All auto accident are dangerous and can be deadly. Multi-vehicle pile-ups — accidents that involve multiple vehicles hitting each other and/or piling on top of each other — can be even more dangerous, which is why every driver should know how to get to safety and minimize injuries following a multi-car accident.
Below, we’ll explore nine critical steps to be taken following a multi-vehicle pile-up. For more information on auto accidents, safety tips, or for a free, individualized case evaluation, contact Schwartzapfel Lawyers at 1-516-342-2200.
Get to Safety (Otherwise, Remain in Your Vehicle)
No matter the specifics of your accident, you must focus on getting or staying safe at all costs.
In a multi-car pile-up, damages can be even more severe than in typical car accidents.
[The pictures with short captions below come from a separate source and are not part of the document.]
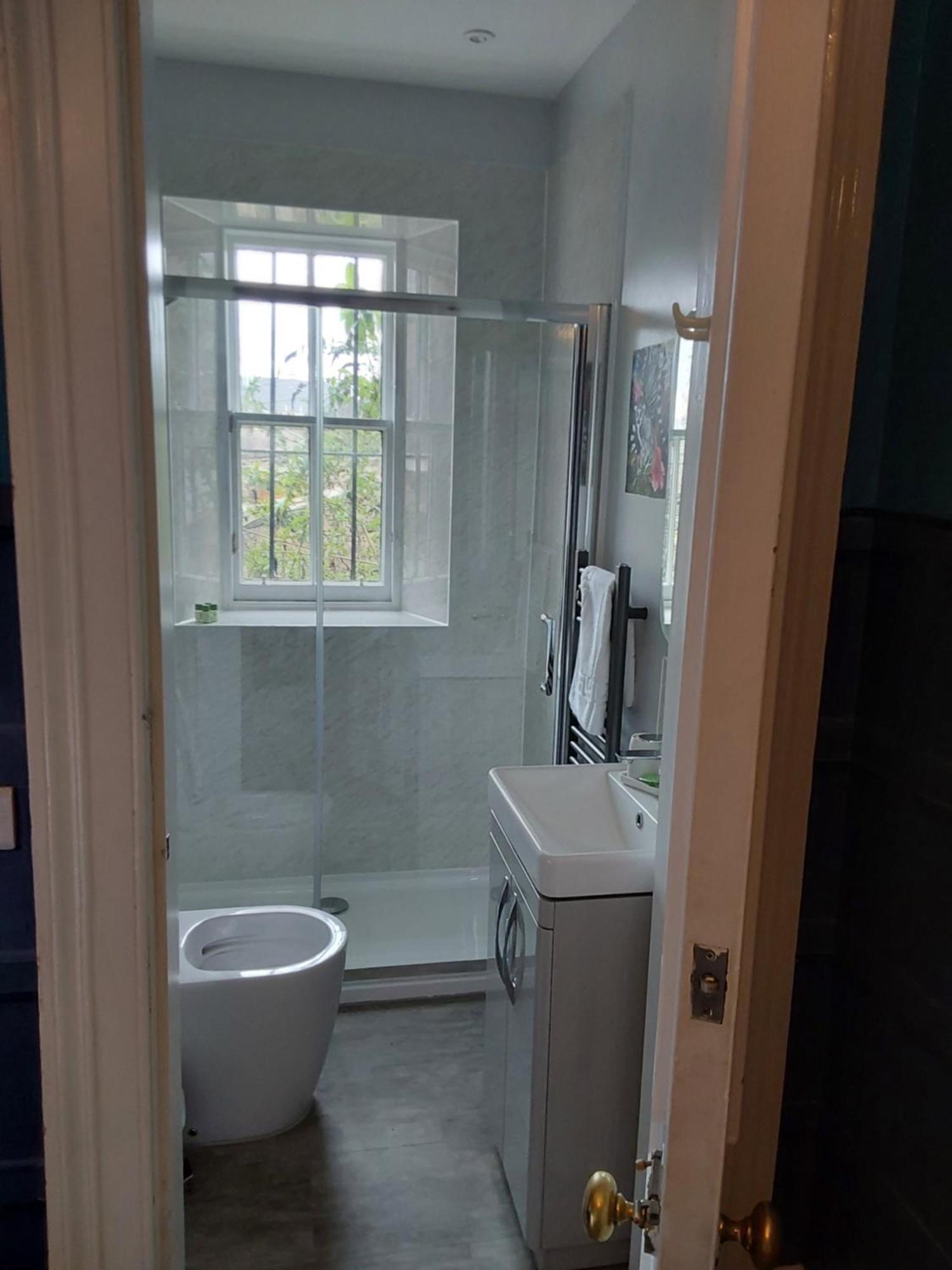 East Claremont Guest House Единбург Екстериор снимка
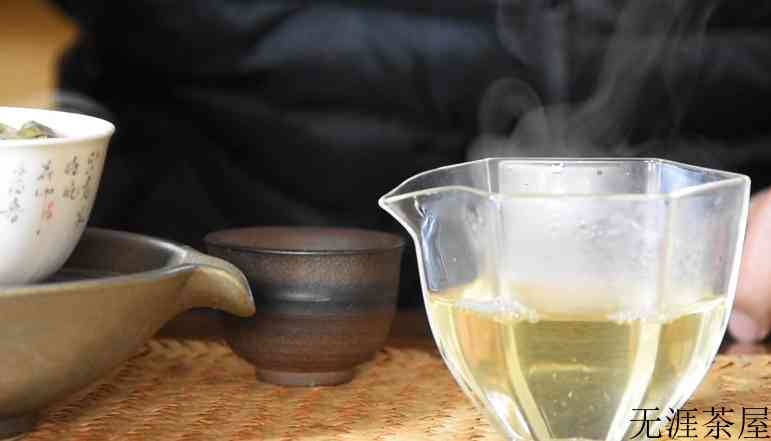 普洱茶生茶和熟茶哪个好（普洱茶生茶和熟茶哪个好收藏）()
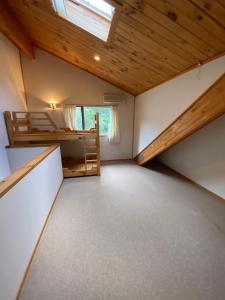 白马村Hakuba-ism的客房设有两张双层床和天花板。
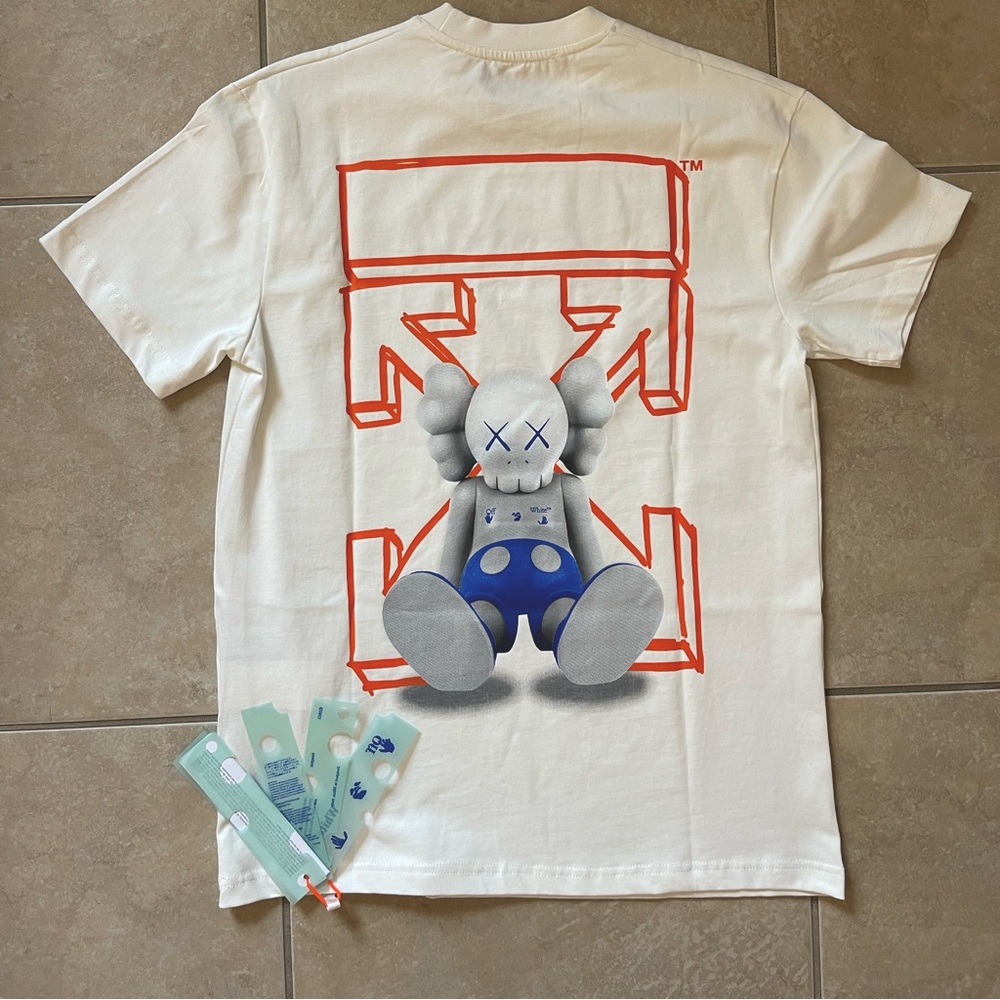 Off-White T-Shirt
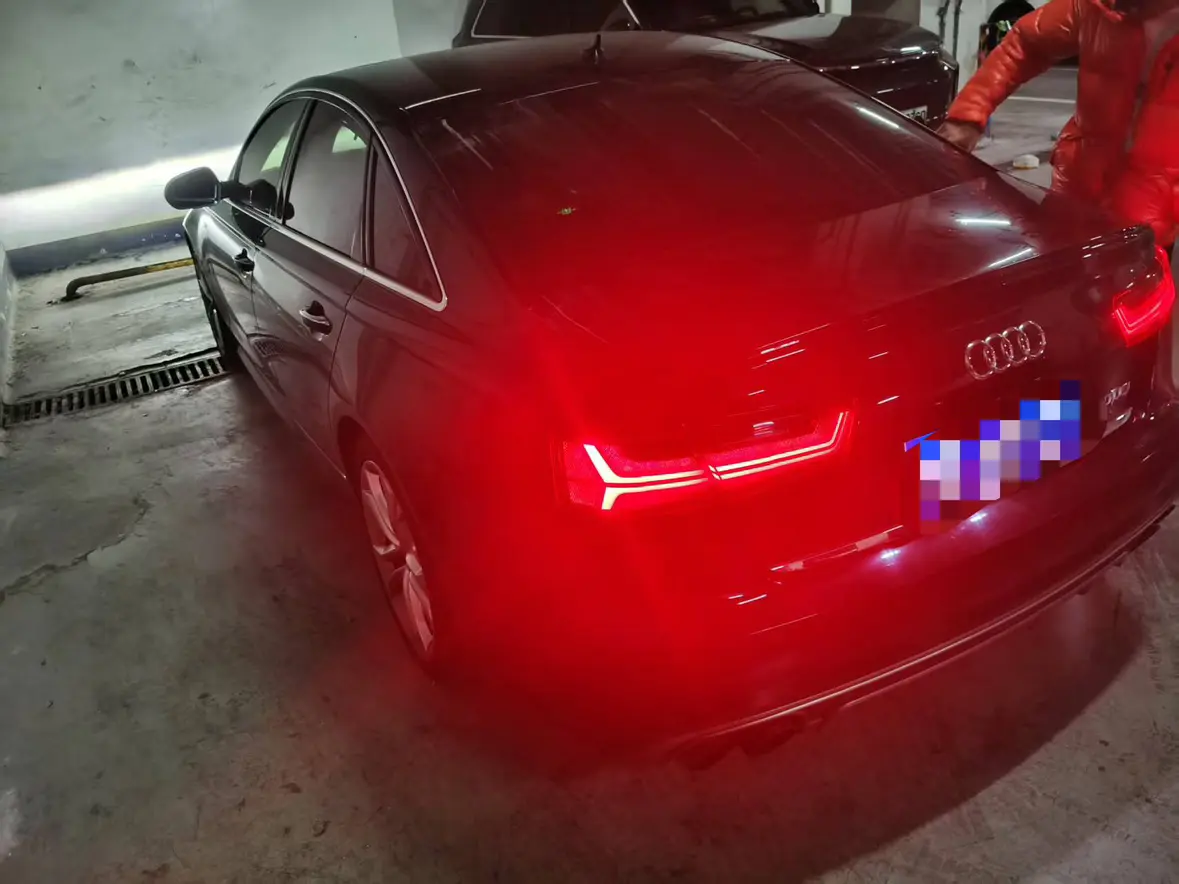 Audi S6  из Китая
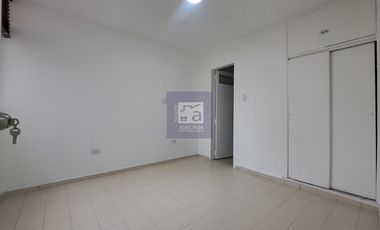 COD. 5921 - SE ARRIENDA APARTAMENTO - BARRIO: CENTRO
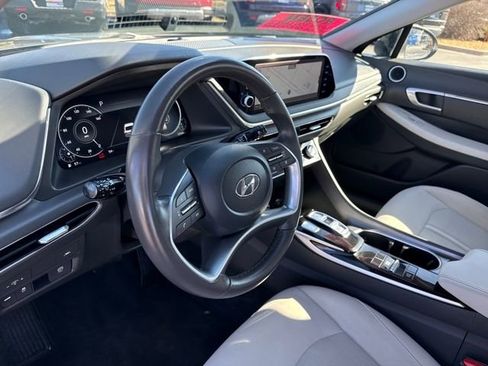 Certified 2023 Hyundai Sonata SEL w/ Convenience Package image 13
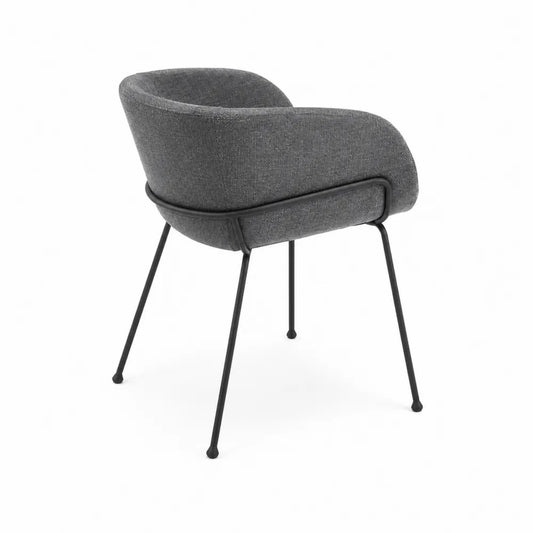 Chaise en tissu avec structure en métal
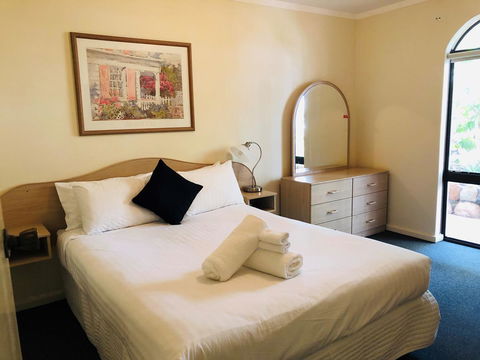 West Beach Lagoon 208 â€“ Great Value! - Hotel Gold Coast 2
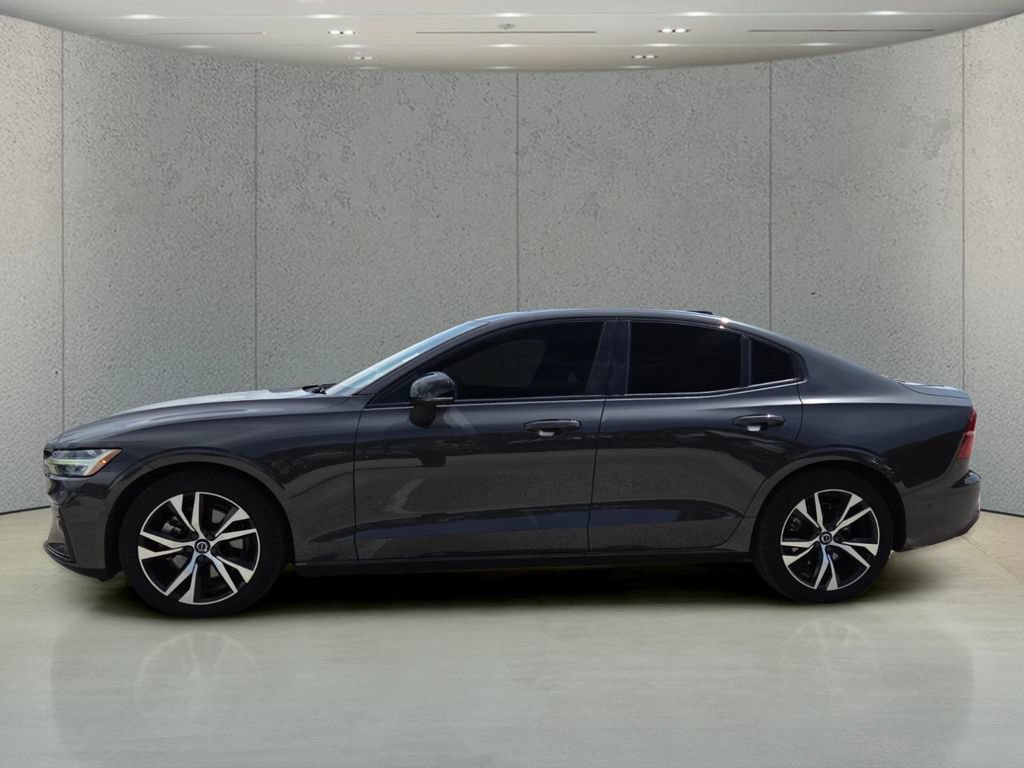 Used 2025 Volvo S60 B5 Plus w/ Protection Package Premier FWD image 9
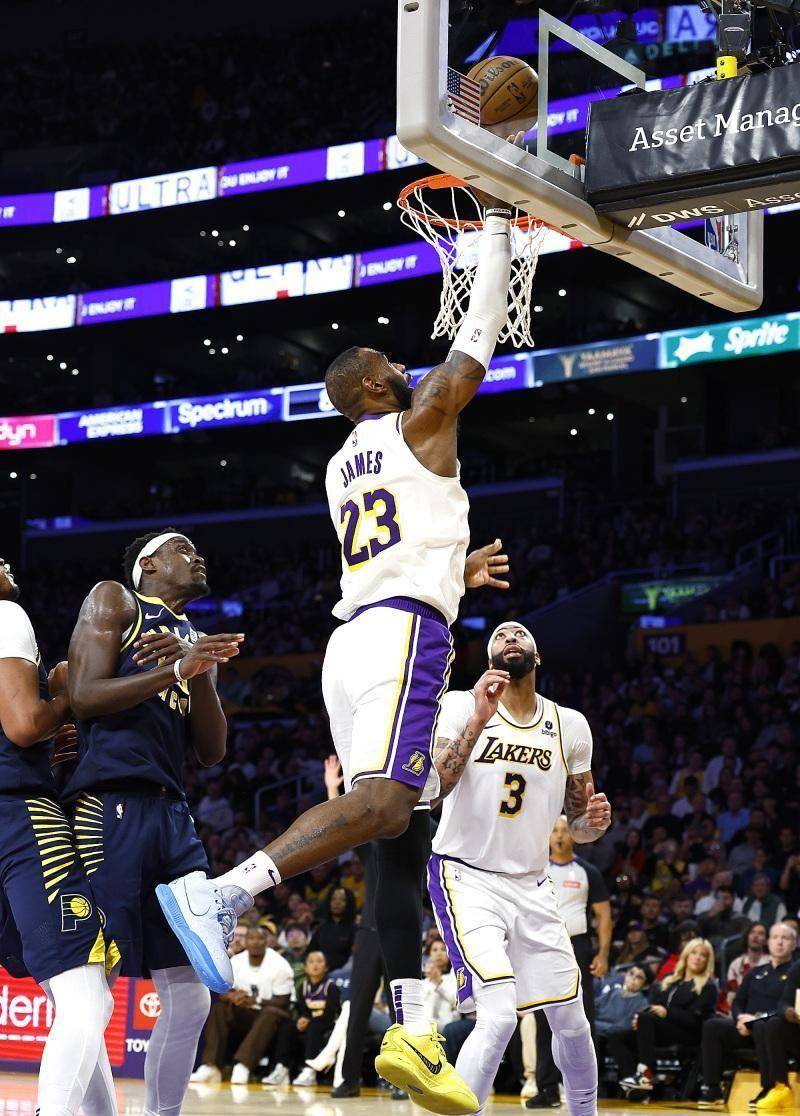 爵士遭湖人逆转，米切尔命中致胜三分球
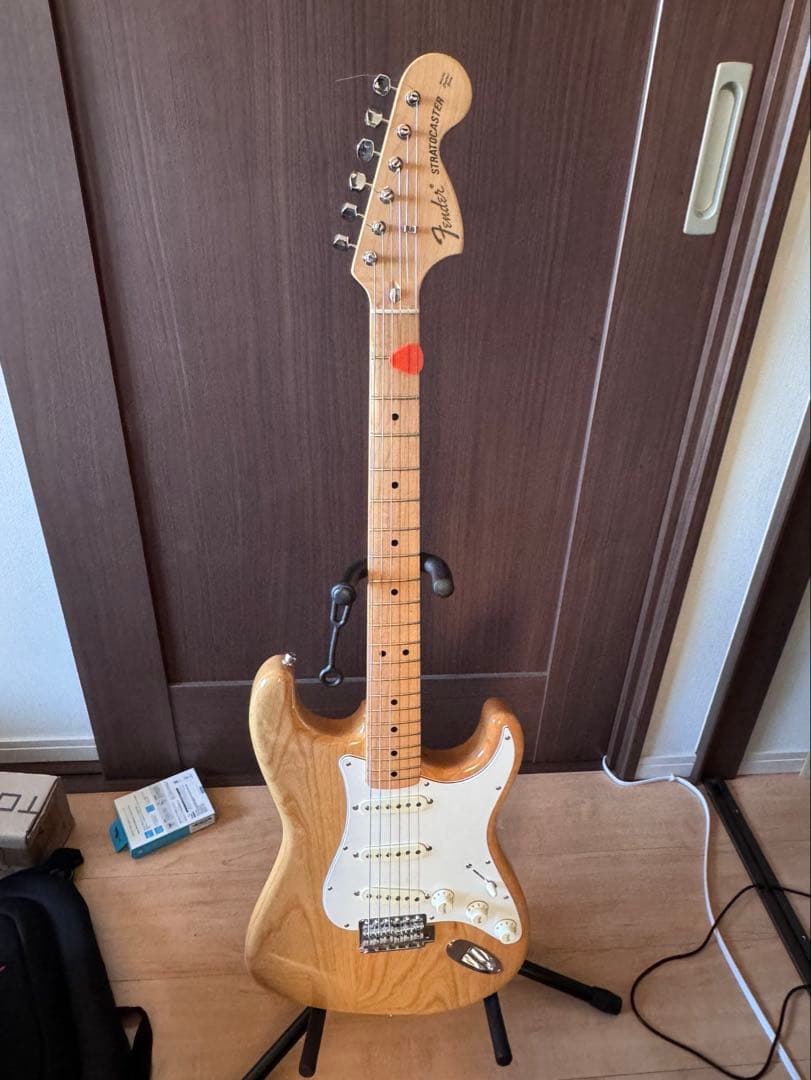 Fender Japanストラトキャスターアッシュボディash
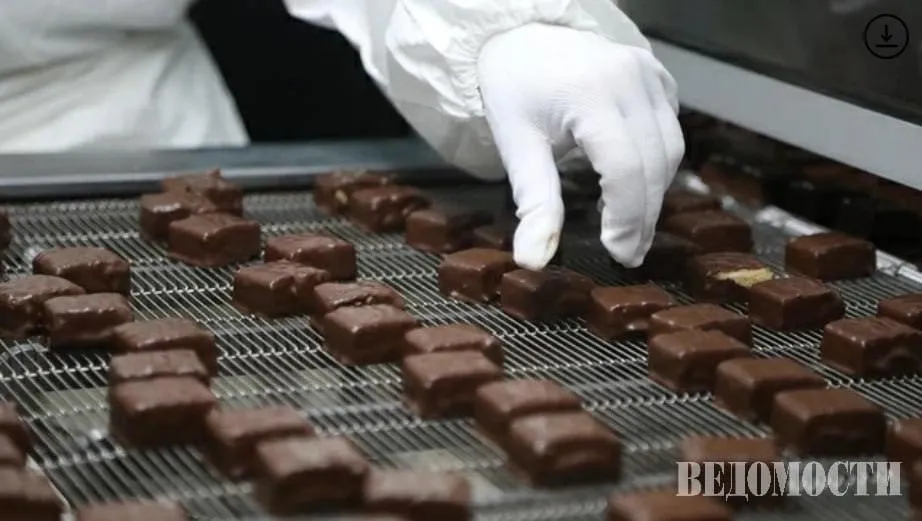 Продажи шоколада падают второй год подряд следует из данных аналитической компании NTech По итогам 2025 года общий объем продаж шоколадных плиток в России составил 231 тыс тонн или 292 млрд рублей В натуральном выражении этот показатель сократился на 15 В 2024 году реализация такой продукции в штуках также снизилась на 6  Шоколад перестал быть товаром для импульсных покупок на этой категории экономят прежде всего объясняют опрошенные Ведомостями эксперты Max Telegram Рассылка Приложение для iOS Android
Cars can continue to move for several seconds after an initial impact, and there might be hazards you aren’t aware of for several seconds to several minutes after your car comes to a stop.
If needed, stay in your vehicle and look out the windows or use the mirrors to see around you. In many cases, you could be safer in your vehicle while the dust settles than if you immediately exit and expose yourself to debris, moving vehicles, and other threats.
However, if everything stops moving around you, try to get yourself to safety. Either exit your vehicle and move off the road or drive your vehicle away from the road if it is still functional and safe to do so.
If you believe you are uninjured, help others who may need assistance getting out of the road as well. The longer vehicles from a multi-vehicle pile-up stay in the road, the greater the likelihood of the accident expanding and other vehicles becoming involved. Getting all the involved cars off the roadway is a top priority, but only if it’s safe to do so and you are uninjured.
Call Emergency Services
Your next step should be to call emergency services right away. Dial 911 and give the operator your approximate or exact location, depending on what you know. If you are unable to call emergency services, tell someone else to do so instead.
The faster emergency services are alerted to the situation, the faster they can arrive at the scene and provide medical attention to those who need it. Emergency services can include firefighters, law enforcement personnel, paramedics, and other staff as necessary.
Note: While speaking with the 911 operator, you should do your best to summarize the situation and follow the operator’s instructions exactly.
Take Photos and Videos
If you are relatively uninjured and are able to do so, try to take photos and videos of the accident scene with your mobile device. Photos and videos can serve as important evidence for any upcoming lawsuit and protect you from accusations of negligence if someone tries to sue you after the fact.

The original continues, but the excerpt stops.